Exercise materials:

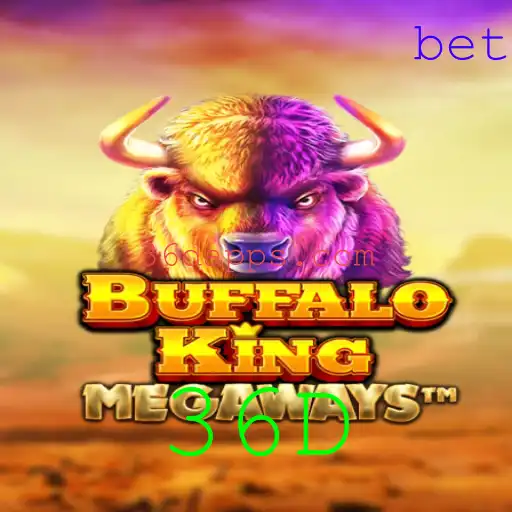 Descubra o Fascinante Mundo de BuffaloKing: Aventura e Estratégia no Jogo 36D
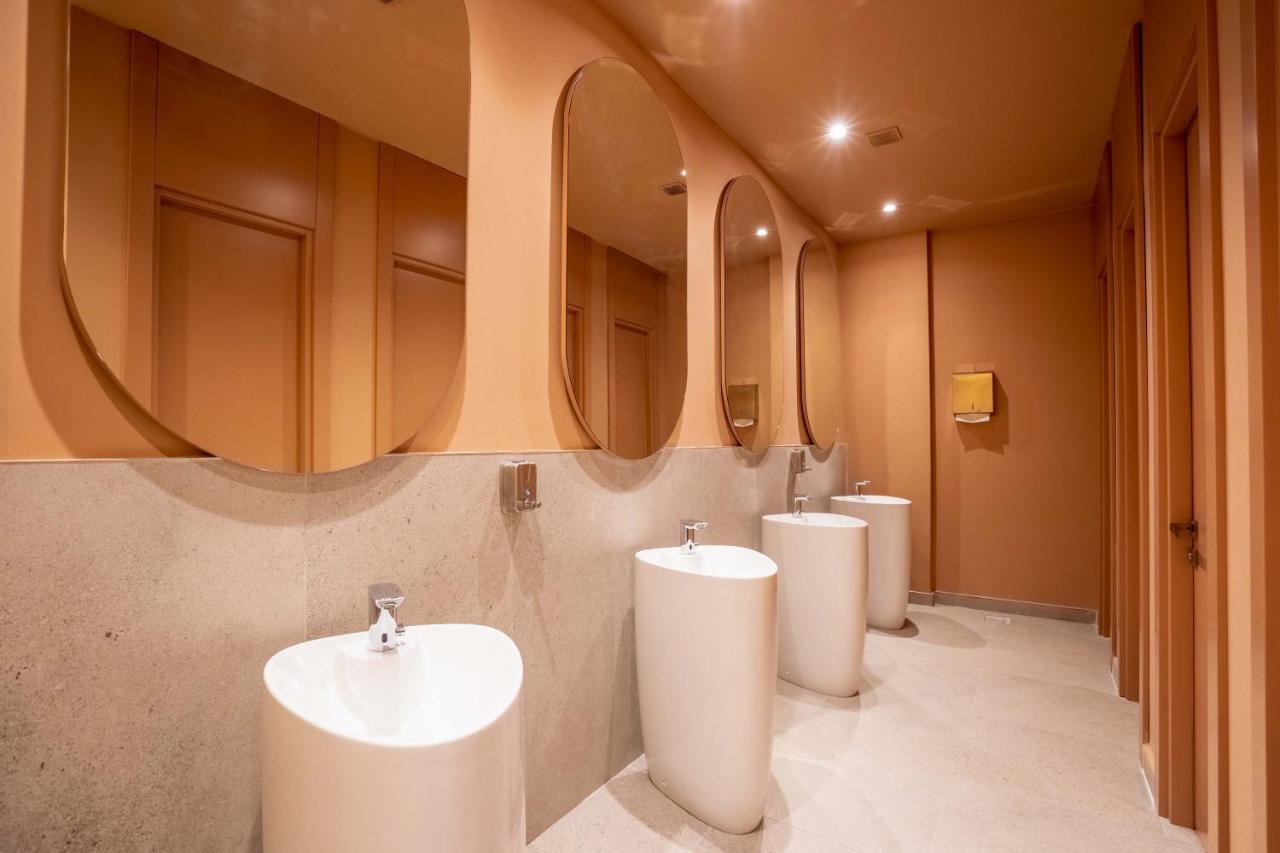 Ergin Hotel 2*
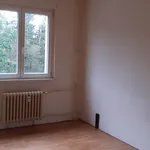 Pronajměte si 1 ložnic/e byt o rozloze 38 m² v Rotava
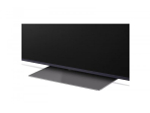 Телевизор LG 55QNED86T6A.ARUB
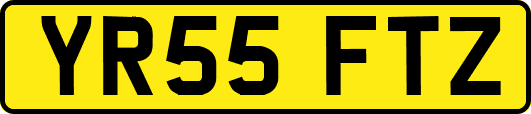 YR55FTZ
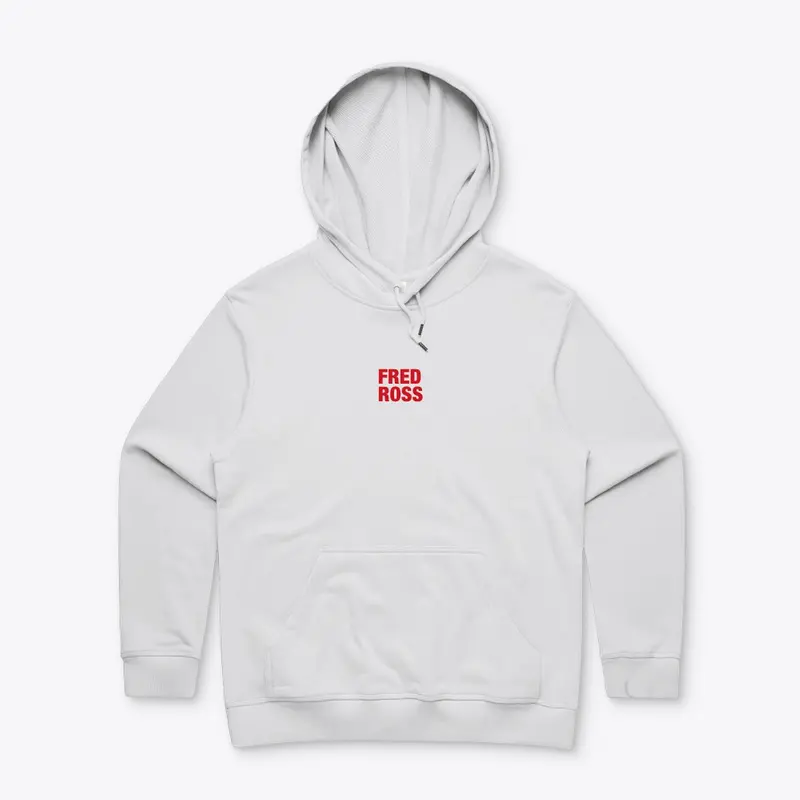 22 Limited Edition Merch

Task prompt: Could you print the data exactly as it appears and keep the pictures out?

Output of the task:
 Descubra o Fascinante Mundo de BuffaloKing: Aventura e Estratégia no Jogo 36D
 Ergin Hotel 2*
 Pronajměte si 1 ložnic/e byt o rozloze 38 m² v Rotava
 Телевизор LG 55QNED86T6A.ARUB
 YR55FTZ
 22 Limited Edition Merch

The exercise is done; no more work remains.